BEGIN Record set

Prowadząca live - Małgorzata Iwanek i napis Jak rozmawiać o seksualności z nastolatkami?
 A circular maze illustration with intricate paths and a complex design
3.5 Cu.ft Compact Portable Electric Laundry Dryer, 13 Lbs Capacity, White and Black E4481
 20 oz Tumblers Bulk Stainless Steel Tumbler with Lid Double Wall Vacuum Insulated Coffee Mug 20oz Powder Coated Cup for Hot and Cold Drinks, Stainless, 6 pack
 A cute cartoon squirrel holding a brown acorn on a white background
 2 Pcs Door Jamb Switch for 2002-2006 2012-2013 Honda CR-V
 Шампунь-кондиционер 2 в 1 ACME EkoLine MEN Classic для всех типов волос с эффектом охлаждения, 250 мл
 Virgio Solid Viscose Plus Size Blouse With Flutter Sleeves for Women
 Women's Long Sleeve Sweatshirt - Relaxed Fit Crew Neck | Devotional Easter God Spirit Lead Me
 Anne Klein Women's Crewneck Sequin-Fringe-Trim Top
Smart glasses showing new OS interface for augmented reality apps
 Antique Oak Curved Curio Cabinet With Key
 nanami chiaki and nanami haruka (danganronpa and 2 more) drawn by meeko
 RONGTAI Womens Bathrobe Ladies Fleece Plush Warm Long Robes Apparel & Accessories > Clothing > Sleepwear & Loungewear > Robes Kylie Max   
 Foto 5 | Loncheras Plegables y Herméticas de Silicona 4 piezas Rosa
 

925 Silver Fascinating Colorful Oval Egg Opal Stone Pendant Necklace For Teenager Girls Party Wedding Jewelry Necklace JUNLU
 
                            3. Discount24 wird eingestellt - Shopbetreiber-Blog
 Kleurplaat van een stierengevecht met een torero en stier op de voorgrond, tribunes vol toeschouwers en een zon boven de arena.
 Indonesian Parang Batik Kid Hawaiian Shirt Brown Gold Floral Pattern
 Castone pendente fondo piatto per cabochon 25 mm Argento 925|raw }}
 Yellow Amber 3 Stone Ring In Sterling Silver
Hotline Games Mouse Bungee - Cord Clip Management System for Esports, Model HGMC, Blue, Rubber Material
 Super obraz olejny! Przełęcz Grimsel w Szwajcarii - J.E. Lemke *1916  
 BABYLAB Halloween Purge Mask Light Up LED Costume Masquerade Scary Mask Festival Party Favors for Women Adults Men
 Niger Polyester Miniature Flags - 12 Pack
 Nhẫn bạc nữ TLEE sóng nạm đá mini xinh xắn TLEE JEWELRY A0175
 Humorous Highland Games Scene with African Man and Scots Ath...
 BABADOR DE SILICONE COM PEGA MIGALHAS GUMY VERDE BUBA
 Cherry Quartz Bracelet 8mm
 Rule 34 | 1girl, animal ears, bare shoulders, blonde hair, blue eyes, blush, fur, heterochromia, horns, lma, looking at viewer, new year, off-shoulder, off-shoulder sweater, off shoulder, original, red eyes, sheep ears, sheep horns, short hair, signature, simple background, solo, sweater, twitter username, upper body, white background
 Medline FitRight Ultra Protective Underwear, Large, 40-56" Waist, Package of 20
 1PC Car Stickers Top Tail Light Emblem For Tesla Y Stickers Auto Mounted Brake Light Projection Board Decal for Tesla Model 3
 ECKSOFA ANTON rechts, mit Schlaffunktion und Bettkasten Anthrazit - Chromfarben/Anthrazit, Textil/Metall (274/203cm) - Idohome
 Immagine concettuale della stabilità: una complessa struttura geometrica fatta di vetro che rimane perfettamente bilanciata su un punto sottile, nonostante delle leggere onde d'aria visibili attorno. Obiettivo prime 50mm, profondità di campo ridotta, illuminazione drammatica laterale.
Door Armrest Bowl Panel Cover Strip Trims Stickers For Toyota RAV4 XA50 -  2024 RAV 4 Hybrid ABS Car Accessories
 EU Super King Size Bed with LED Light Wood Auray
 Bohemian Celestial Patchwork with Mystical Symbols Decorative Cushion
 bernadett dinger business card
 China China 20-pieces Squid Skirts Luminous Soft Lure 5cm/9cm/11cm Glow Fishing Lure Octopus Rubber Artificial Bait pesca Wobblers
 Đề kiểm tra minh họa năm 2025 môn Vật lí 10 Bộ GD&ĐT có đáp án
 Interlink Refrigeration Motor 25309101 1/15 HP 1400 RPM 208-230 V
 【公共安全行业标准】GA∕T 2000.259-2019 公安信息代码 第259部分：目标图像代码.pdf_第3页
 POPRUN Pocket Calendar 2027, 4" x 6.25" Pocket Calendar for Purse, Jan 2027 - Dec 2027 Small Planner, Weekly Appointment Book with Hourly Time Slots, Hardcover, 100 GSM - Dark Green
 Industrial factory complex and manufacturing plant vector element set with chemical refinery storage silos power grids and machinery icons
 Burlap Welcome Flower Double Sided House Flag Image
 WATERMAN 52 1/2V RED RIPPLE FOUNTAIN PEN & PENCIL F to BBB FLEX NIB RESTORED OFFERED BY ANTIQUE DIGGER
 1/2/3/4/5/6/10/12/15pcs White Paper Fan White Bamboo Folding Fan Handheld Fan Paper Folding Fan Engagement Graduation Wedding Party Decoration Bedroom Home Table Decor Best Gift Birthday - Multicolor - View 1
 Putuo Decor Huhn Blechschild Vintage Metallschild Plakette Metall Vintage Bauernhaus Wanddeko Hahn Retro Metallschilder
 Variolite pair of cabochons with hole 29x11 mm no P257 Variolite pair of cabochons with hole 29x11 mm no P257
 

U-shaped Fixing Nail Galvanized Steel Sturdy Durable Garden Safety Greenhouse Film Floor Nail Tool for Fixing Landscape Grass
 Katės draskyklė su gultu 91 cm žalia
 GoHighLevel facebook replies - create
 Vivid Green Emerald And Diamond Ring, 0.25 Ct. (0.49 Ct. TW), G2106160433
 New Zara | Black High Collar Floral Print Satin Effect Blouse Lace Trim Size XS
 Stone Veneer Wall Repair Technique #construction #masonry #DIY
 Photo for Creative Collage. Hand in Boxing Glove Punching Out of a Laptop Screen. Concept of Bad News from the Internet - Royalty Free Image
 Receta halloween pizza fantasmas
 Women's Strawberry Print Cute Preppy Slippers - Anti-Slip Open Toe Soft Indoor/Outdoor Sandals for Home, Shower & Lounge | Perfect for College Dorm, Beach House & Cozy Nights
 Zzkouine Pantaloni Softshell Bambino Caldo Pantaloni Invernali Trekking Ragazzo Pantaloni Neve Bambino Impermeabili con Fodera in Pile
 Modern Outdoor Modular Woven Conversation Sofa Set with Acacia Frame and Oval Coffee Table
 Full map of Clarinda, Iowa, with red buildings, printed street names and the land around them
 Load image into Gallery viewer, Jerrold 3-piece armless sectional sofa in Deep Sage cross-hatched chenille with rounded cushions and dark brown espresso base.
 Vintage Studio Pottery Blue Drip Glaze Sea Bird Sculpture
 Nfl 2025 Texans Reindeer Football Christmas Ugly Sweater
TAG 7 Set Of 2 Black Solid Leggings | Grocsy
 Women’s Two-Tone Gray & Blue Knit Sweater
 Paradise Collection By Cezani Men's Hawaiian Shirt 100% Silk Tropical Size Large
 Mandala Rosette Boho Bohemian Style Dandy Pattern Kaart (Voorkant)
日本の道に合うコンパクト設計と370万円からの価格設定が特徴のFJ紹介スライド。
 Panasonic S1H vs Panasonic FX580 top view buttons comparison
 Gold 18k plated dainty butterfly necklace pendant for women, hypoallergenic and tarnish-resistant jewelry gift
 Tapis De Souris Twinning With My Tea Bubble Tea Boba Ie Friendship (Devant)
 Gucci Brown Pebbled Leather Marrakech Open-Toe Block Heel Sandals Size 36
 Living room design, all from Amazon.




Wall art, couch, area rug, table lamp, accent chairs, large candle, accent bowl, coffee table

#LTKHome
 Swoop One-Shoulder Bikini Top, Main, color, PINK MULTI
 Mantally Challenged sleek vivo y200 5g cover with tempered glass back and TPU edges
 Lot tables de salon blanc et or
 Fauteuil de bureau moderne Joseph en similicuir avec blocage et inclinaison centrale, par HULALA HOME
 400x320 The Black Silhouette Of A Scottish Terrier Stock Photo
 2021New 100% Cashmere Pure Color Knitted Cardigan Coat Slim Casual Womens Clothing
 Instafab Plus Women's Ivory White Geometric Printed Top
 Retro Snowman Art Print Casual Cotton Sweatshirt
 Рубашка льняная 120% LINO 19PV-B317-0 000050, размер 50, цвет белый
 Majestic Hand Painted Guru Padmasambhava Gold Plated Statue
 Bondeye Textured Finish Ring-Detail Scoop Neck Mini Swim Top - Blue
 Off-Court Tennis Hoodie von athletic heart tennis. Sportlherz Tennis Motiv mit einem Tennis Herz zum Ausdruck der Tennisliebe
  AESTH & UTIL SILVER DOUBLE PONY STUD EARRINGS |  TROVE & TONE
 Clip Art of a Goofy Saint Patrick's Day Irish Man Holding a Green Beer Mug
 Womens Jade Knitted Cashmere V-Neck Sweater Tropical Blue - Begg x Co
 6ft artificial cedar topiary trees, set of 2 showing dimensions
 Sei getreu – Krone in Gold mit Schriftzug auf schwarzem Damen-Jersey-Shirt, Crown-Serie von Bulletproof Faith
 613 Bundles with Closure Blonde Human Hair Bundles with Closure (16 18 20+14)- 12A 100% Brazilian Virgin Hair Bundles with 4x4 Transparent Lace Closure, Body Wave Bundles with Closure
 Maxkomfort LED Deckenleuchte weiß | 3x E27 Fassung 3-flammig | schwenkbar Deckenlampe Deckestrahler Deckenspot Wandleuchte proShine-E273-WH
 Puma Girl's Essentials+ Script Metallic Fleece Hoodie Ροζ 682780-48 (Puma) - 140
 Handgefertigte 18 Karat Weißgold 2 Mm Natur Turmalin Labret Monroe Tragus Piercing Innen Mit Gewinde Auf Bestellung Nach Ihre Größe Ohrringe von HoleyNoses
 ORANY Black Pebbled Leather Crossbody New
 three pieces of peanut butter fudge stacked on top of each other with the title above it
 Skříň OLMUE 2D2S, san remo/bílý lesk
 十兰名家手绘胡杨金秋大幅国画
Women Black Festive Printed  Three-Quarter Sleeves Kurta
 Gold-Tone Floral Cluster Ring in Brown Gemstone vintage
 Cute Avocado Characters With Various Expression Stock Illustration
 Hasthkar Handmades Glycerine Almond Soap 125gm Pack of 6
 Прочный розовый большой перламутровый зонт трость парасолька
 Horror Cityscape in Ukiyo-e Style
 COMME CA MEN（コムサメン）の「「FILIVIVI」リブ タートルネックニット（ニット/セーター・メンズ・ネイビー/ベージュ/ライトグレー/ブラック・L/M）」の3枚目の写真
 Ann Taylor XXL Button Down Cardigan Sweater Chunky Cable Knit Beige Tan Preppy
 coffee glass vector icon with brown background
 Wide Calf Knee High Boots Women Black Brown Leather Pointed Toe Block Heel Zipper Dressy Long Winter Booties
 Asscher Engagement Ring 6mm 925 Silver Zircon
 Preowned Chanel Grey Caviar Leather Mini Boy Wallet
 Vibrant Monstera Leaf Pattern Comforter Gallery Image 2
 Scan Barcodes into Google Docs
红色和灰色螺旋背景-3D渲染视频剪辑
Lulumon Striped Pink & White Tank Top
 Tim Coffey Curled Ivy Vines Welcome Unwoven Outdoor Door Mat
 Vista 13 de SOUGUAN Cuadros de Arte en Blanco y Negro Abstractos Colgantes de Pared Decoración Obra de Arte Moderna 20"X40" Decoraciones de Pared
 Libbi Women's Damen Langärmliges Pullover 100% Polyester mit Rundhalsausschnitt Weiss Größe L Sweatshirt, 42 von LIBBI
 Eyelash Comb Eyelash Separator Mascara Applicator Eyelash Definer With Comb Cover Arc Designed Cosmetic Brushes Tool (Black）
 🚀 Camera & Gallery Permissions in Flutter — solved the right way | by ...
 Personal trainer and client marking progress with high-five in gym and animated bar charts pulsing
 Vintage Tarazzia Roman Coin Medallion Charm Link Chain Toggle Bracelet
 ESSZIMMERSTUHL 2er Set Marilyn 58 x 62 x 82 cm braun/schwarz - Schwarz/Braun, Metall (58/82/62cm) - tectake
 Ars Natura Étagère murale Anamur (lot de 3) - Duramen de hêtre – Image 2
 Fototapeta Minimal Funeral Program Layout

END Record set

The first line of the records begins the span, and the line containing "Anne Klein Women's" ends it. Reproduce that span exactly, both ends included.

Prowadząca live - Małgorzata Iwanek i napis Jak rozmawiać o seksualności z nastolatkami?
 A circular maze illustration with intricate paths and a complex design
3.5 Cu.ft Compact Portable Electric Laundry Dryer, 13 Lbs Capacity, White and Black E4481
 20 oz Tumblers Bulk Stainless Steel Tumbler with Lid Double Wall Vacuum Insulated Coffee Mug 20oz Powder Coated Cup for Hot and Cold Drinks, Stainless, 6 pack
 A cute cartoon squirrel holding a brown acorn on a white background
 2 Pcs Door Jamb Switch for 2002-2006 2012-2013 Honda CR-V
 Шампунь-кондиционер 2 в 1 ACME EkoLine MEN Classic для всех типов волос с эффектом охлаждения, 250 мл
 Virgio Solid Viscose Plus Size Blouse With Flutter Sleeves for Women
 Women's Long Sleeve Sweatshirt - Relaxed Fit Crew Neck | Devotional Easter God Spirit Lead Me
 Anne Klein Women's Crewneck Sequin-Fringe-Trim Top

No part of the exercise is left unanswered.